TASK REQUIREMENTS: The answer should be one number: the count of lines in the listing below with "White" in them.

DATA SUPPLIED:
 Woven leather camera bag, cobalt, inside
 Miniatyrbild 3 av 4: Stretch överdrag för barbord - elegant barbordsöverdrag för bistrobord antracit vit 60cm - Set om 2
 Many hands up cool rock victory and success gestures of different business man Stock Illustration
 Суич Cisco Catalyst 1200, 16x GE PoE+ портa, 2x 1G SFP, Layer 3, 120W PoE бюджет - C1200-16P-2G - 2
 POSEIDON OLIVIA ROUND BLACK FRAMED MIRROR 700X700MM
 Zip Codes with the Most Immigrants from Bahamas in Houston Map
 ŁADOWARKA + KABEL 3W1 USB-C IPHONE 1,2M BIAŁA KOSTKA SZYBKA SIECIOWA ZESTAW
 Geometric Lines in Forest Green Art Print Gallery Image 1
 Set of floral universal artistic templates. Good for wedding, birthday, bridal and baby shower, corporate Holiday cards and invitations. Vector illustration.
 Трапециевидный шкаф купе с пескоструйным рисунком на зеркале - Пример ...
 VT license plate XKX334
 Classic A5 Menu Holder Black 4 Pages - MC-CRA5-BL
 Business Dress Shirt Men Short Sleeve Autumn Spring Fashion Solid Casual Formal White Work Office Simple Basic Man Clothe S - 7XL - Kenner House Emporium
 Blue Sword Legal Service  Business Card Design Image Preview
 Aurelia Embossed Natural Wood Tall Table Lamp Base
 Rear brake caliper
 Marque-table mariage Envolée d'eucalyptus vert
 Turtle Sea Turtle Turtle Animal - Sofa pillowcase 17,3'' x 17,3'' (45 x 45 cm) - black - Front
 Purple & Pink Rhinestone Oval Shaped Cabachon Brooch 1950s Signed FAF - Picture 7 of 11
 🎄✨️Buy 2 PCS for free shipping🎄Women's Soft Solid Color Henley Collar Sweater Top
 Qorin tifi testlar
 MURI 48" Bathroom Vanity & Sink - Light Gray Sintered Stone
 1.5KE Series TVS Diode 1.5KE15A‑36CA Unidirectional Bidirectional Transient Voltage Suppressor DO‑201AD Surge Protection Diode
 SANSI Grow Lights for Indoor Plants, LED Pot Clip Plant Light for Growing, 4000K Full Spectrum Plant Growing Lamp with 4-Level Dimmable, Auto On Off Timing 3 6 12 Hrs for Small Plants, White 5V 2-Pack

FINAL ANSWER: 2